Without fail, every time I teach a lecture on spinal injuries at least one student uses a phrase something along the lines of, “I can’t believe I have never heard of this before.”
They are not the only ones who are surprised. I am equally puzzled. In fact, the first time I learned of autonomic dysreflexia was from a paraplegic patient.
She told me she felt worried because she felt dizzy and needed nitroglycerine. She had a broken tibia and I was unsure how a nitrate would help. Somewhere between memorizing the cranial nerves and remembering Brown Sequard Syndrome causes ipsilateral temperature sensation, I missed out on this crucial bit of knowledge.
Autonomic dysreflexia is a medical emergency. It’s maddening I didn’t know this because, unlike cranial nerves, you don’t even need a pneumonic to remember it.
Hypertension in a patient with a spinal injury is autonomic dysreflexia until proven otherwise. See, super simple stuff.
Firstly, let’s define autonomic dysreflexia
Autonomic dysreflexia is a phenomenon experienced by about 20% to 70% of people who have a spinal injury above T6, according to a StatPearls book. Additionally, it is almost always an old spinal injury.
Essentially, autonomic dysreflexia is an out-of-control autonomic response to an unfelt painful stimulus. Patients with complete spinal injuries are unable to sense pain below the site of their injury. But, that doesn’t mean that they lack the receptors for pain, the impulse is just unable to travel to the brain.
In a natural response to painful stimuli, vasoconstriction happens below the injury site. Receptors above the site recognize there is an increase in blood pressure and tell the parasympathetic system to take over because there is no reason for the hypertension.
After all, the pain impulse doesn’t move beyond the level of spinal injury. Above the injury site, the parasympathetic system attempts to reduce blood pressure which results in sweating, nasal congestion and flushing above the site. But, this is ineffective and the patient’s blood pressure can reach catastrophic levels.
Under serious pressure
Our body is constantly working to keep all our organs adequately perfused. But it also doesn’t want to create a situation where pressure is too high.
Hypertensive crisis can cause all kinds of adverse outcomes, some that can cause permanent harm, according to the Annals of Translational Medicine. For example, in autonomic dysreflexia the uncontrolled sympathetic response can result in:
- Acute myocardial infarction
- Hypertensive encephalopathy
- Cerebrovascular accident
- Acute pulmonary edema
- Other undesirable conditions
These complications make it important to interrupt the continuous feedback loop that the autonomic system is stuck in.
In order to stop uncontrolled hypertensive emergencies, you need to address the instigator of the situation. If you can find the cause, you can break the cycle and the patient will return to a baseline blood pressure.
In the majority of autonomic dysreflexia cases, the cause is from a distended bladder.

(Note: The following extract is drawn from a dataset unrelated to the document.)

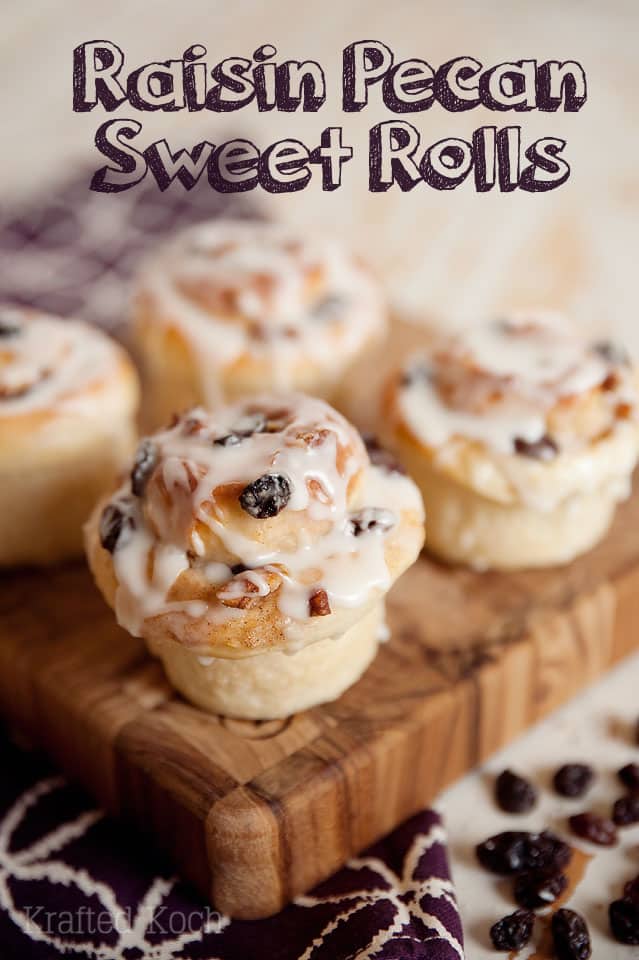 Raisin Pecan Sweet Rolls Breakfast  - An amazingly moist potato dough recipe filled with cinnamon & sugar,  chewy raisins and crunchy pecans for the perfect breakfast or treat! #SweetRolls #Breakfast #Raisin #Pecan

The patient is unable to void or a foley catheter is kinked. Or perhaps they have a bowel obstruction. These are the common causes.
But since we often respond to uncommon calls, other things to consider are decubitus ulcers, belts or shoes that are too tight and even menstrual cramps.
If we are on the scene of a call where the patient’s blood pressure is a secondary finding, look toward the patient’s reason for the call. Maybe they have an unrecognized broken bone or a burn. It’s imperative to find the cause and treat it immediately.
How to treat autonomic dysreflexia
What if the source of the stimulus cannot be readily found? This is where it gets tricky. There isn’t a consensus of what the best treatment should be.
Obviously, reducing blood pressure should be beneficial. But, like everything else we do, it’s not a completely benign endeavor.
And if the source is found after the patient is treated pharmacologically for hypertension, the patient could have profound hypotension. Nifedipine, hydralazine and nitroglycerine are potential agents for reducing blood pressure.
It’s unlikely your protocols account for autonomic dysreflexia. So, what do you do? If you have a protocol for hypertensive crisis, great! Use that.
But, if not, it is probably worth a call to the receiving physician or your medical director. Let them know what your options are for anti-hypertensives and let them make the decision.
The next time you are treating a patient with a spinal cord injury, think about autonomic dysreflexia. Be on the lookout for upward trending blood pressures. If your patient is hypertensive, be a sleuth and go looking for the cause.
Remember, it is almost always the patient’s gastrointestinal or genitourinary systems. If you can treat the cause quickly, you can prevent some diseases that have high associated morbidity and mortality rates.
Now you have the knowledge to recognize and treat autonomic dysreflexia. And it was easier than memorizing the cranial nerves and, arguably, more valuable.